Burns (no relation to the documentarian brothers Ken and Ric) traces the origins of the saga that started as a handwritten proposal, called The Star Wars, that made the studio rounds in 1973. Universal and United Artists passed on it, but Ladd said yes, famously giving Lucas the merchandising rights that made the filmmaker's fortune. Lucas spent half a year casting the film, testing young actors: William Katt for Luke, Cindy Williams and Terri Nunn for Leia, Kurt Russell and Perry King for Han Solo. He went with Hamill, Fisher and an actor friend who had dropped by to pitch lines to the other aspirants: Harrison Ford. After a hellish location shoot in Tunisia, where Sir Alec Guinness (as Obi-Wan Kenobi) held the crew together with his graciousness and star quality, shooting moved to Pinewood, and the real ordeal began.

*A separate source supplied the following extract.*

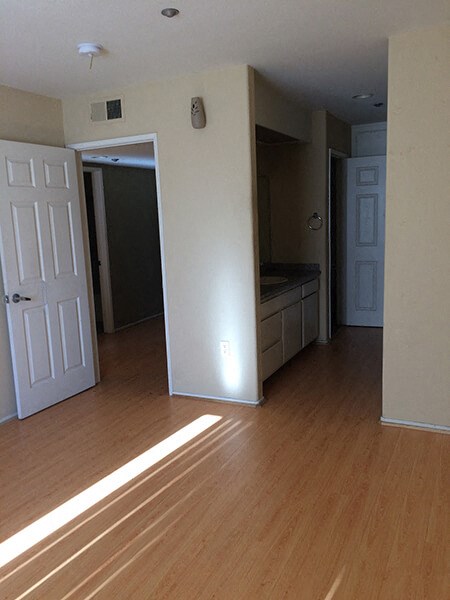 a living room and a kitchen with wood floors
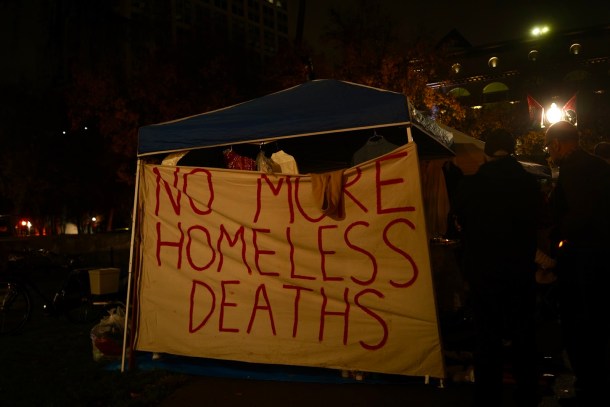A banner adorns a pop-up shade structure. Neenma Ebeledike, OBSERVER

"The first cut of Star Wars," Burns' narrator says, "was an unmitigated disaster." Lucas fired the original editor and hired a trio of cutters, including his wife Marcia. The director suffered severe chest pains and was found to have hypertension and exhaustion. But he had no time to rest; to finish the effects he had to lean hard on the ILM team. "George was our general," recalls effects maven Ken Ralston. "We were his soldiers. And we're all fighting this single battle to get this film out." The film did come out, with results you know. At around the same time, Lucas' marriage collapsed.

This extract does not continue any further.